Gaiman Sweep

So, Todd McFarlane (comic artist/writer and creator of Spawn, et cetera) went to court against Neil Gaiman contesting the ‘creative ownership’ of several characters both secondary (Angela & Cogliostro) and primary (the medieval incarnation of Spawn) that Gaiman created and introduced during a medieval-timeline Spawn story arc he wrote back in the mid-90’s.
(For those who didn’t already know this, Gaiman’s “1602” gig with Marvel was worked out by the author solely to pay for the court costs of dealing with McFarlane.)
Rather than simply apologizing, McFarlane threw a lot of money at lawyers and lost the legal case on every count, then threw a lot more money at lawyers to appeal… and just lost it all again.
To say that the judge skewered the arguments of McFarlane’s lead attorney* is… well, unkind, but wholly accurate, as near as I can tell.
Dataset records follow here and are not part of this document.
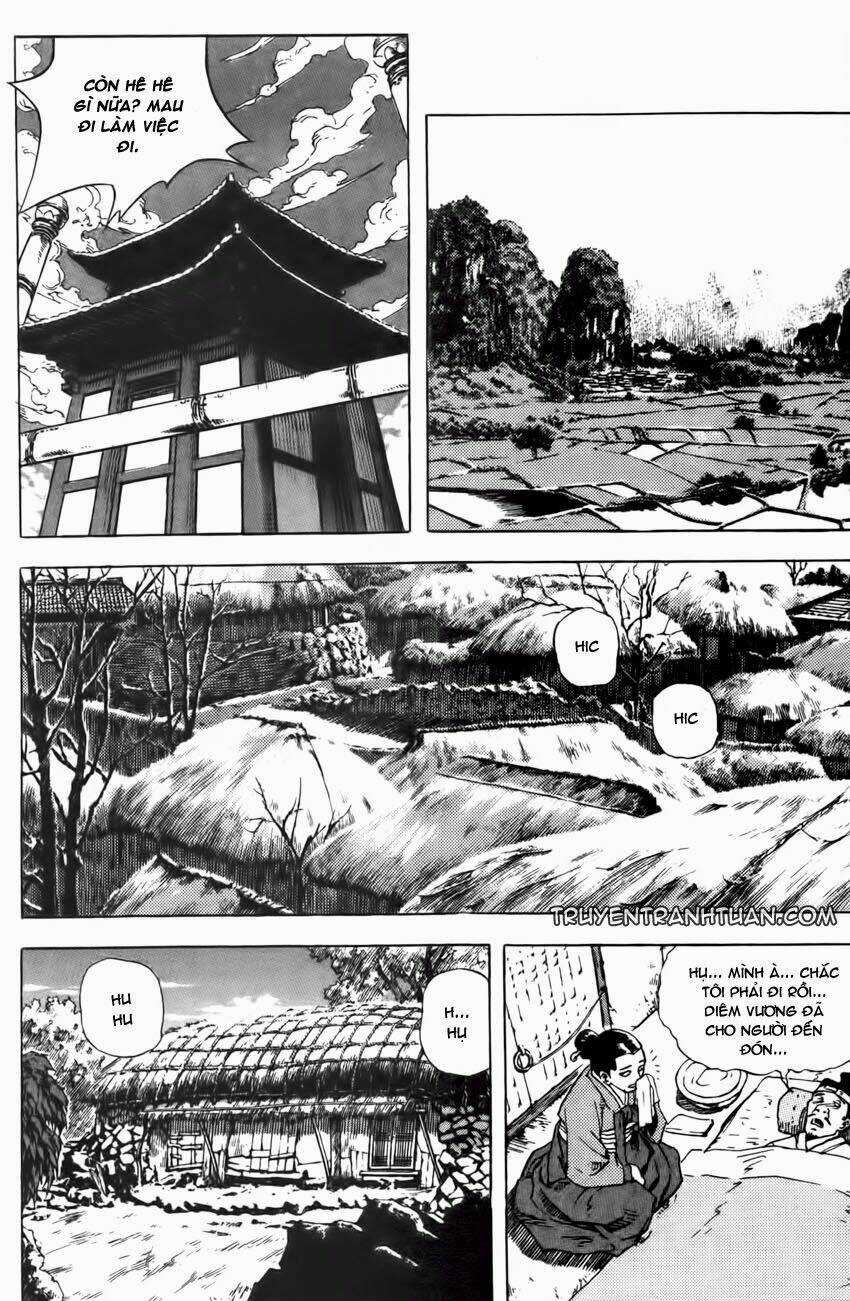 Demon King Chapter 1 trang 11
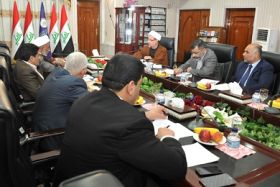 اللجنة الثمانية المُنبثِقة عن التحالف الوطنيِّ  تواصل اجتماعاتها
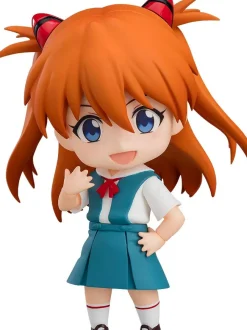 Clearance Good Smile Company Evangelion Shin Gekijouban - Souryuu Asuka Langley - Nendoroid #1202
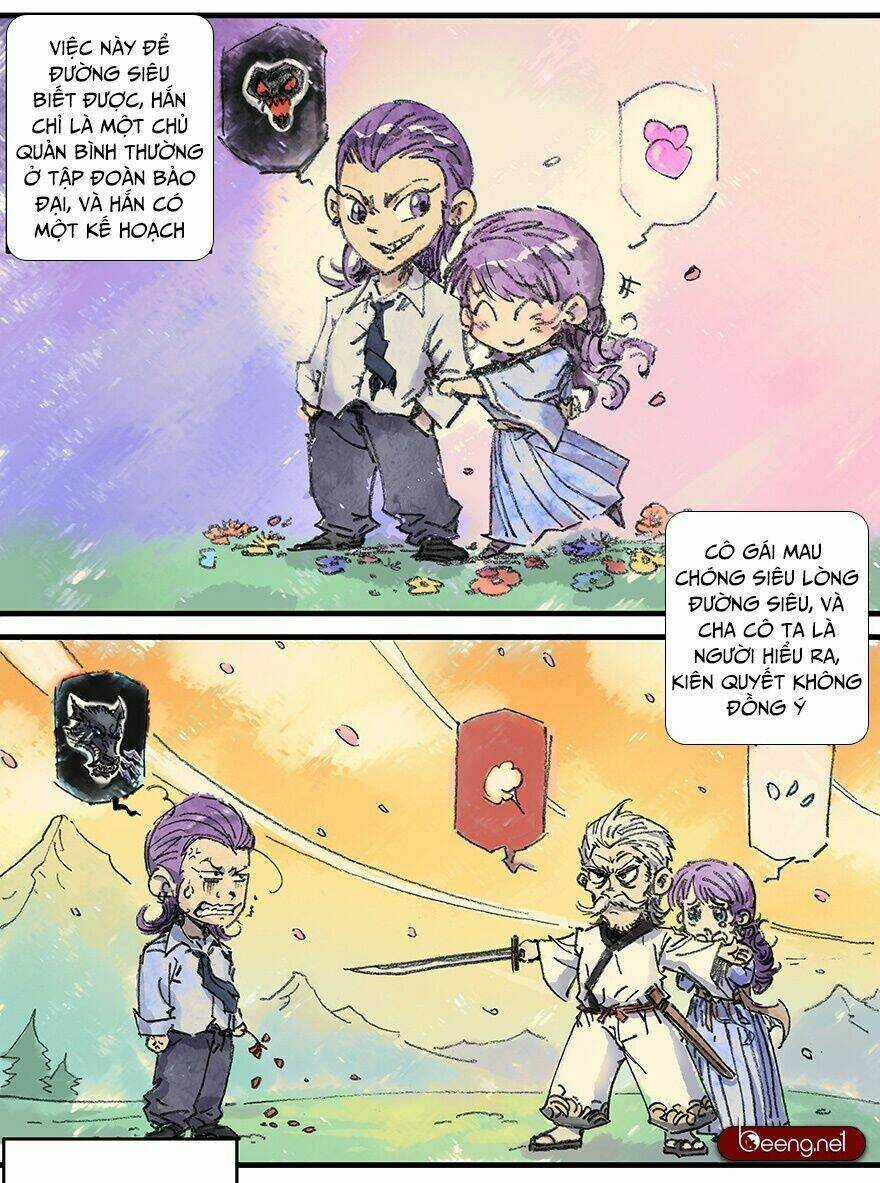 Bán Bộ Siêu Phàm - Chapter 8 - Trang 22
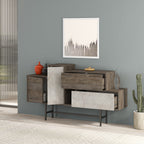 Decortieliving - Hermes Console Sideboard Display Unit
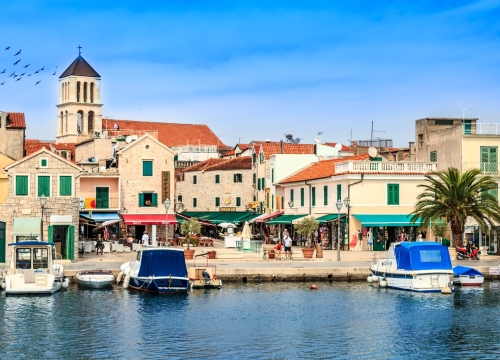 Veseli i šareni Vodice Street Festival zaključuje svoje sedmodnevno izdanje
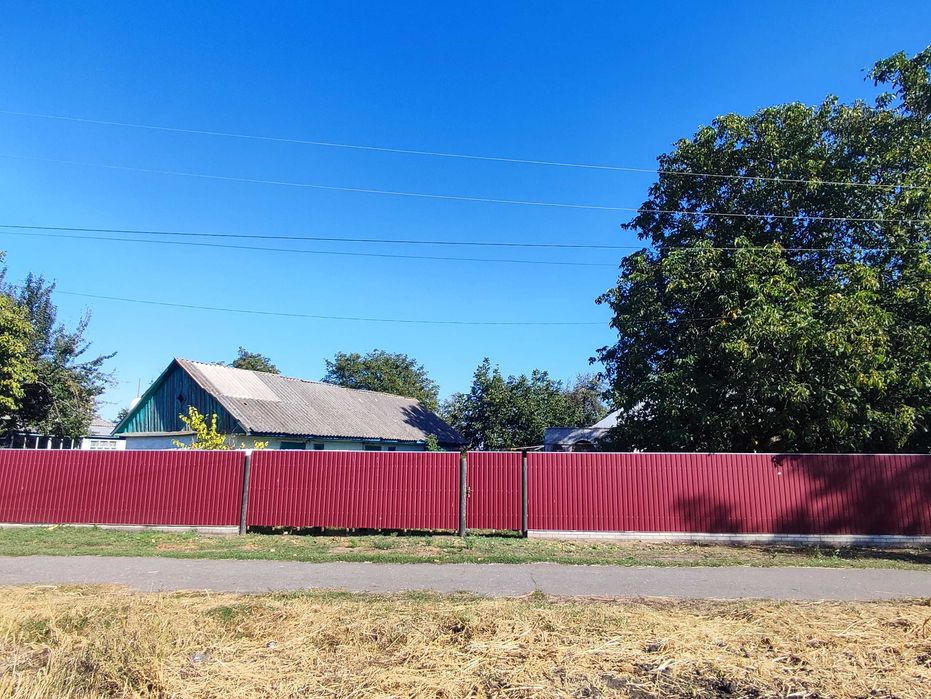 Будинок в с.Лосинівка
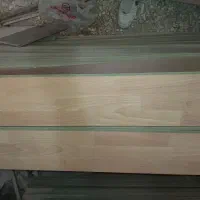 پارکت آلمانی طرح چوب روشن (۴۰ متر)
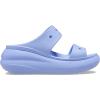 imageCrocs Unisex Adult Classic Crush SandalsMoon Jelly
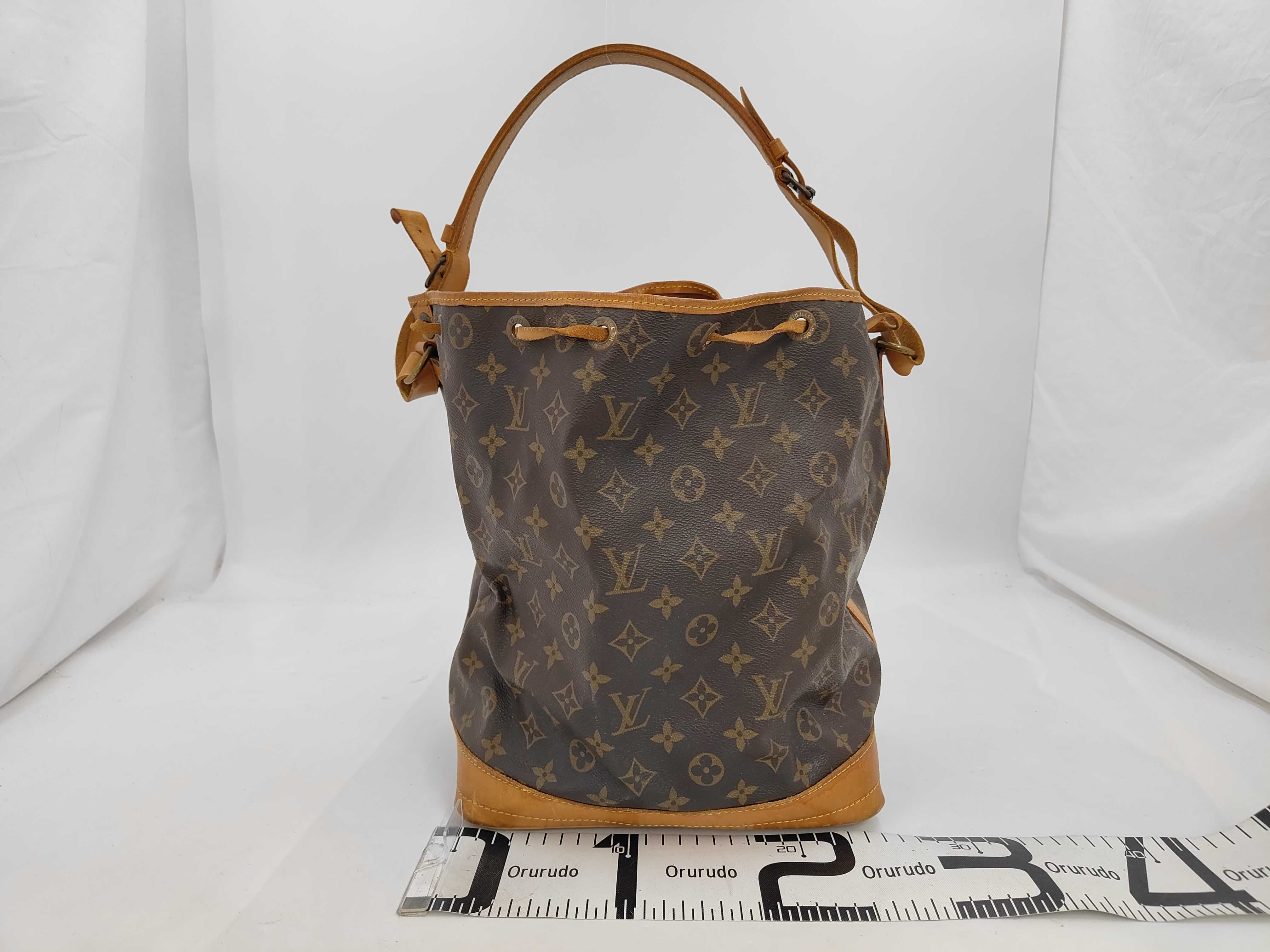 Monogram M42224 Noe Shoulder Bag — view 2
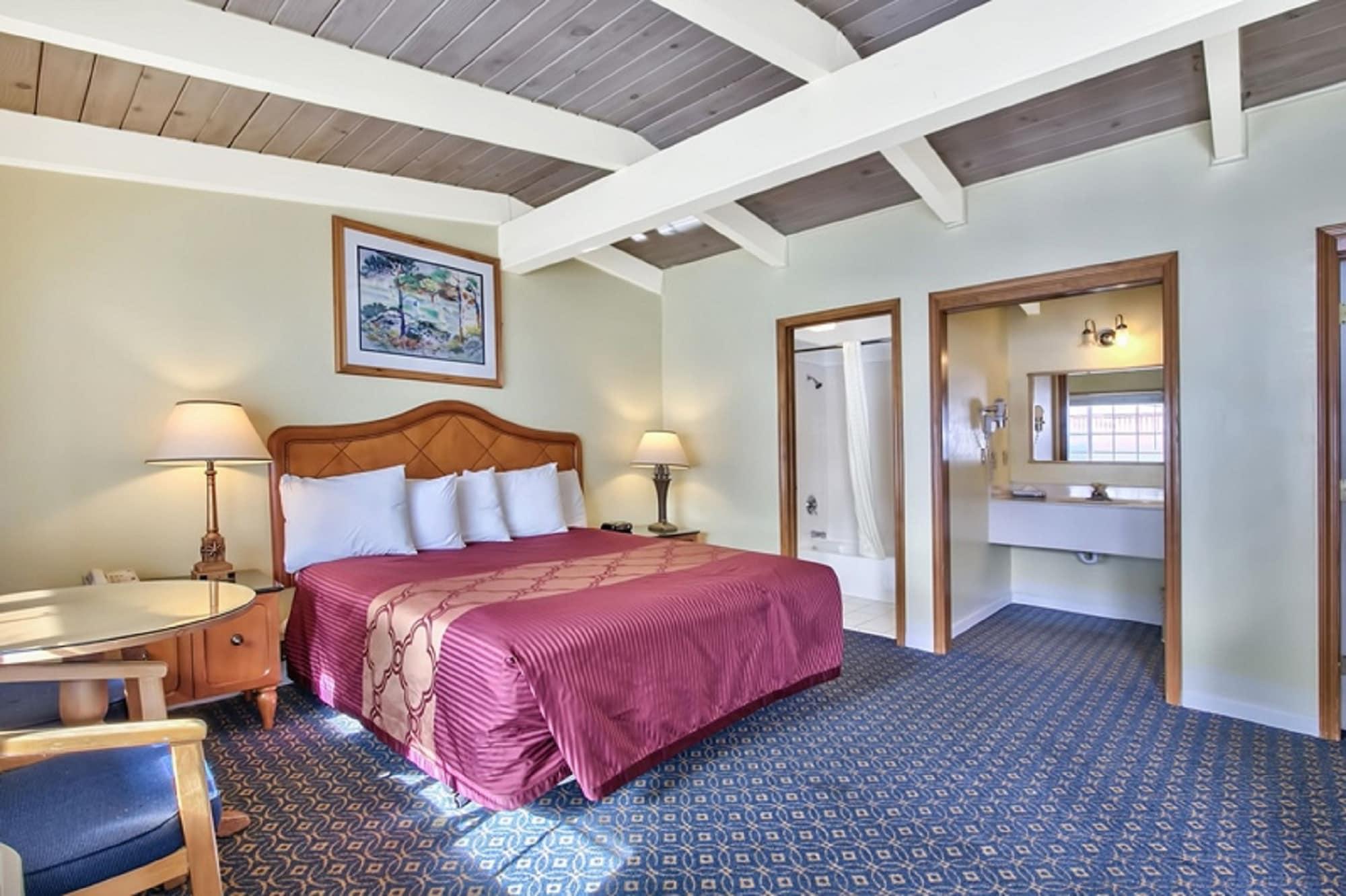 Blue Jay Lodge South Lake Tahoe Luaran gambar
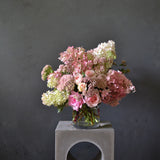 Fairy Floss Vase Arrangement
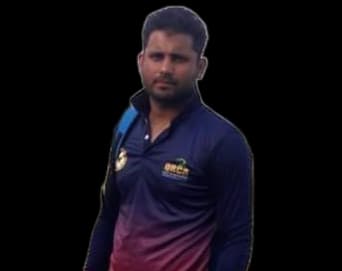 Muhammad Imran cricket player profile photo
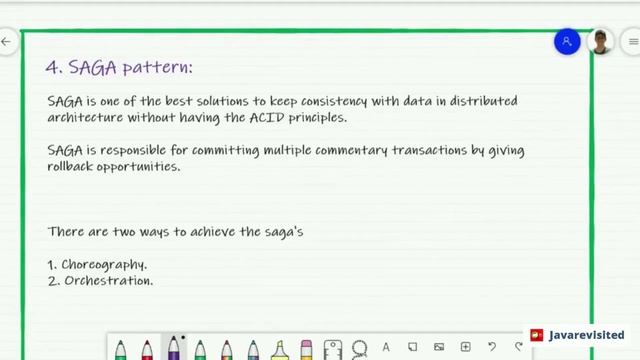 Top 10 Microservices design patterns and principals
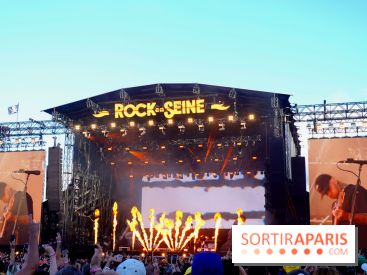 Rock en Seine 2026, nos photos - LANDMVRKS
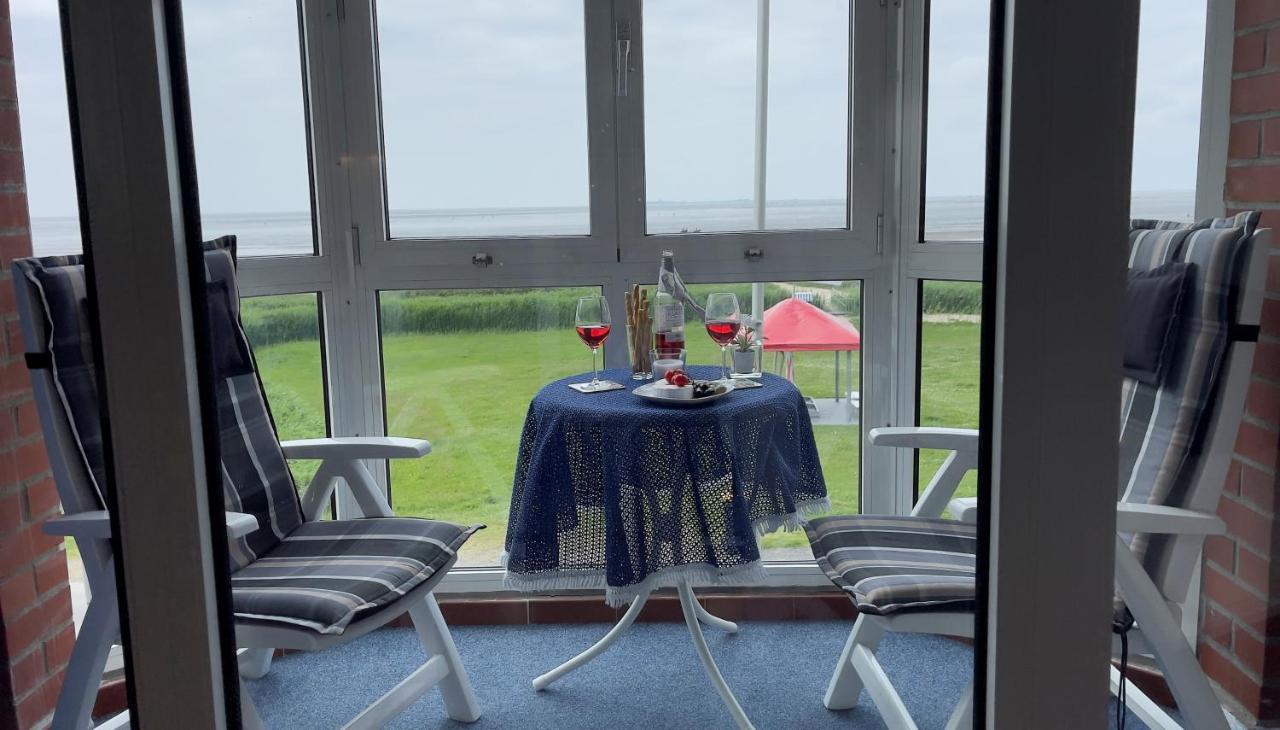 Haus Horizont Fewo Nr. 4 Cuxhaven Ngoại thất bức ảnh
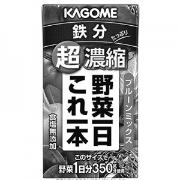 貧血対策！ コンビニで手軽に買えるジュース＆スイーツまとめ |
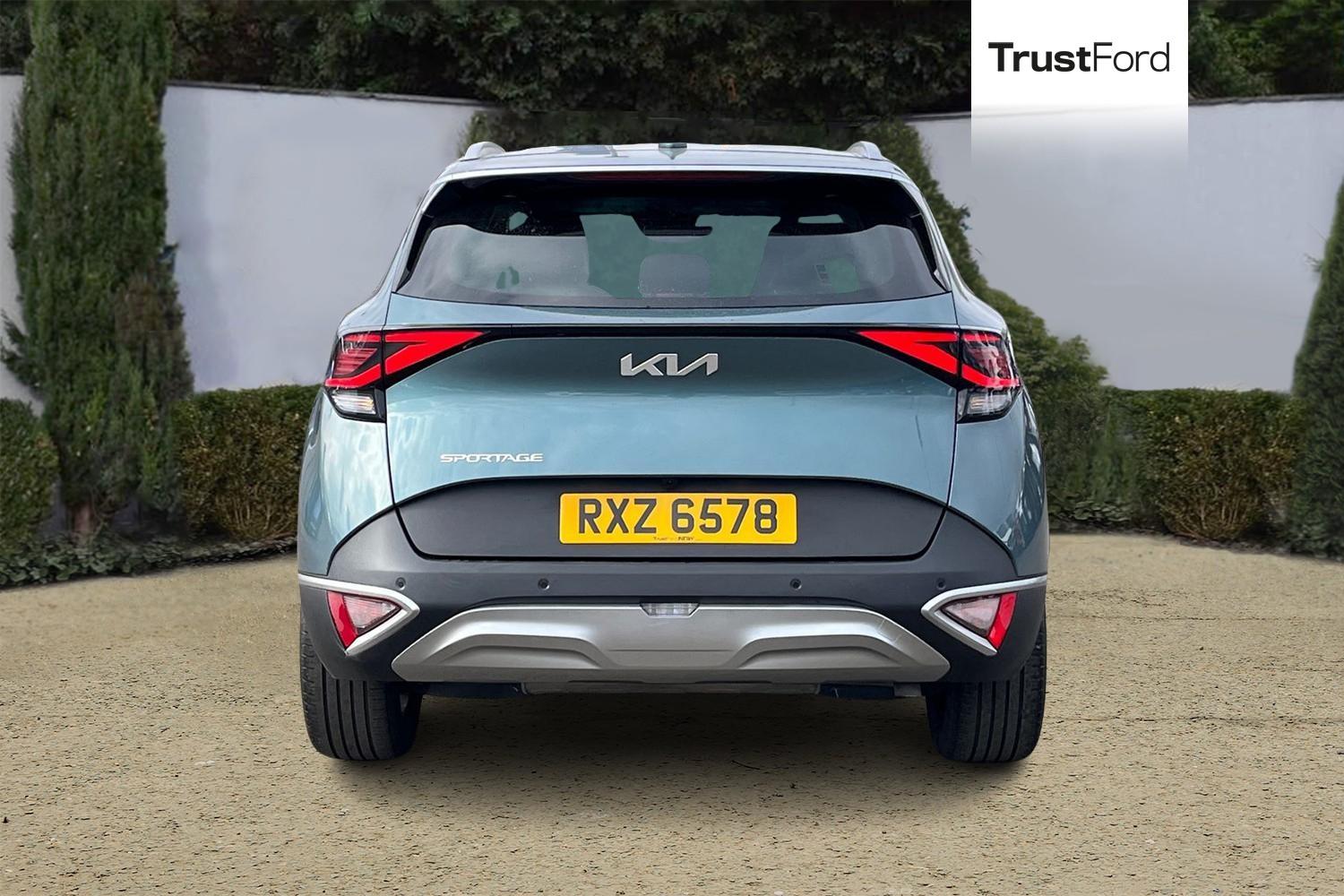 Kia Sportage Photo 6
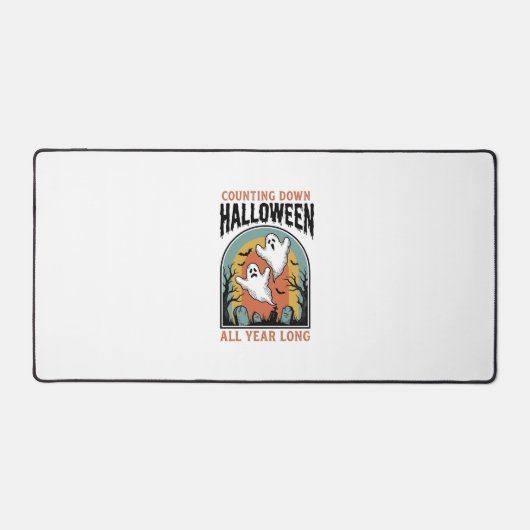 Chemise de compte à rebours d'Halloween Graphique (Recto)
Good for him.
According to Gaiman, any money successfully extracted from McFarlane and left over from legal bills goes straight to the Comic Book Legal Defense Fund.

(* — ‘Secondary comic characters are public domain until they’ve been around for, let’s say, 50 issues worth of steady appearance in a comic.’ Riiiight. Also: painting McFarlane as a blue-collar working-joe just trying to make a living in this dog-eat-dog world while being taken advantage of by the high-rolling Eurotrash Gaiman is… amusing in a horrible kind of way.)